(Captioned web images)

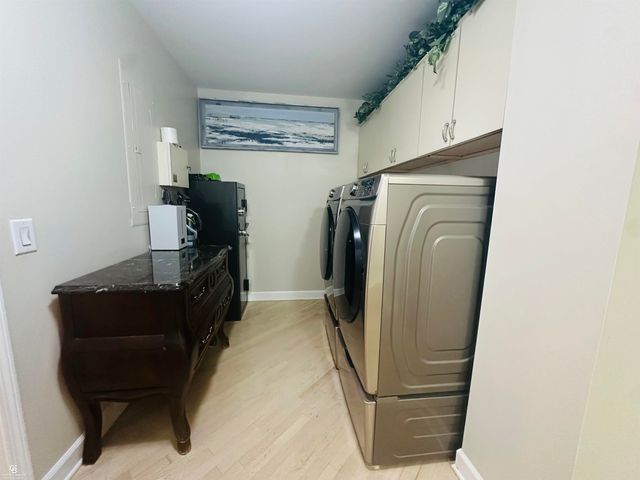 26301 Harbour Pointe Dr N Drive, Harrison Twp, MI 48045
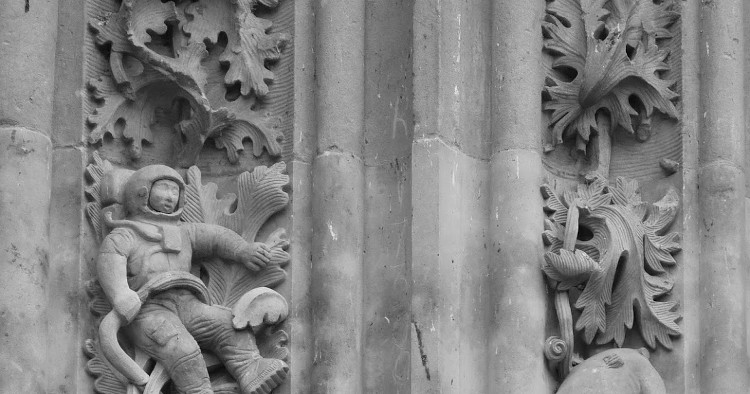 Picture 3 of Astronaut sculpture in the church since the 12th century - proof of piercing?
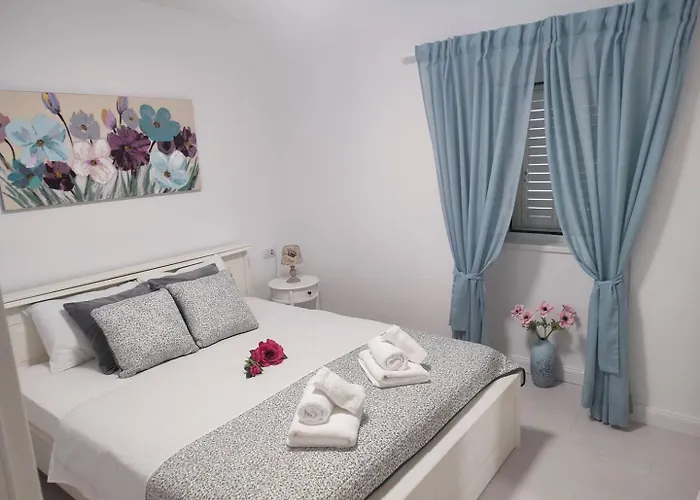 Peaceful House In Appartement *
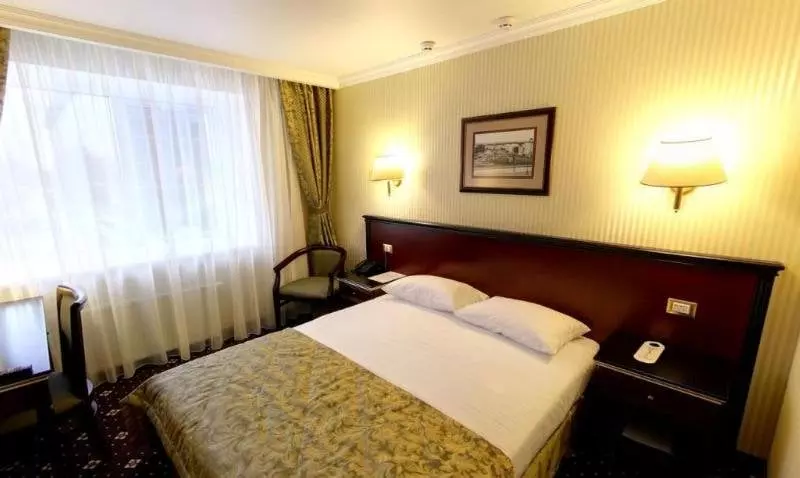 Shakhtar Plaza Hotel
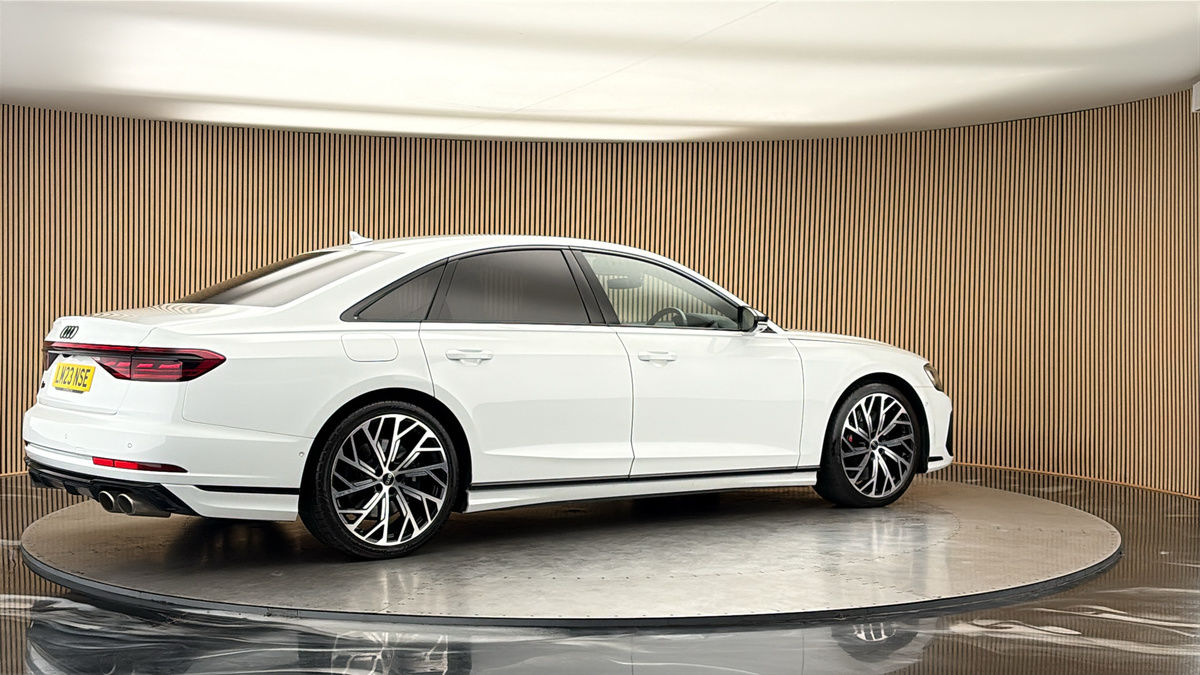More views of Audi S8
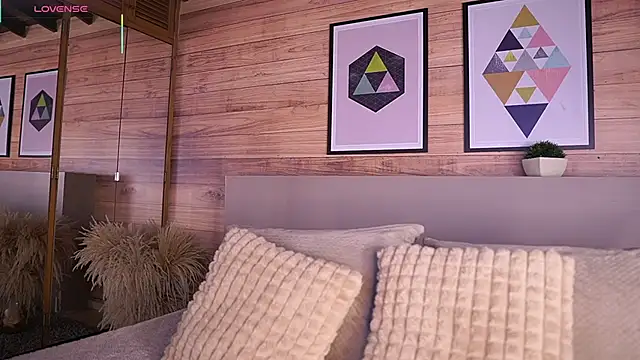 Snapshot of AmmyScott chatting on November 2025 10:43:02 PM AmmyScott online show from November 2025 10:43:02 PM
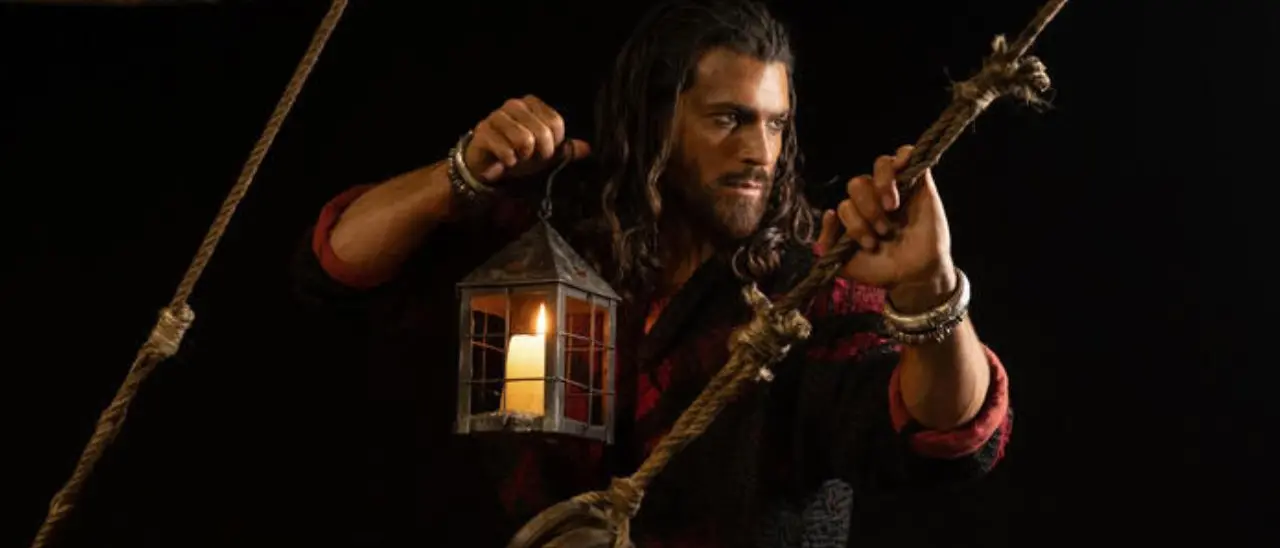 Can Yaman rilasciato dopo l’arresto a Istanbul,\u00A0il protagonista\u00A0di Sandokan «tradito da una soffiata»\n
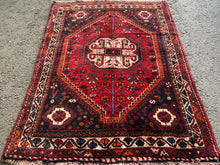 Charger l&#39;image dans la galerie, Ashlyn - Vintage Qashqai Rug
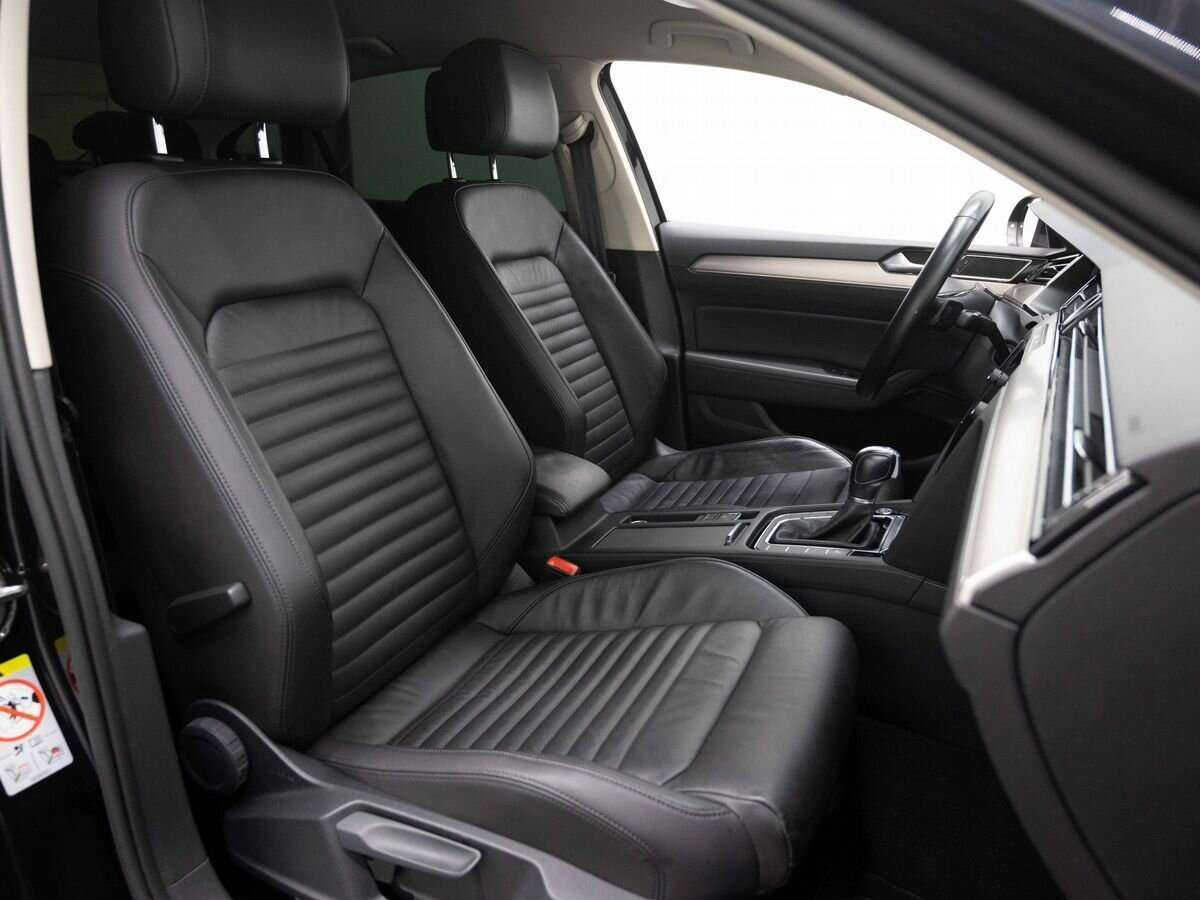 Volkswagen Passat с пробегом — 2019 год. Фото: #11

Task instructions> The answer must consist of the line containing "More views of Audi S8" and every line after it through the end of the records, retyped exactly, with all pictures left out.

Exercise answer>
More views of Audi S8
 Snapshot of AmmyScott chatting on November 2025 10:43:02 PM AmmyScott online show from November 2025 10:43:02 PM
 Can Yaman rilasciato dopo l’arresto a Istanbul,\u00A0il protagonista\u00A0di Sandokan «tradito da una soffiata»\n
 Charger l&#39;image dans la galerie, Ashlyn - Vintage Qashqai Rug
 Volkswagen Passat с пробегом — 2019 год. Фото: #11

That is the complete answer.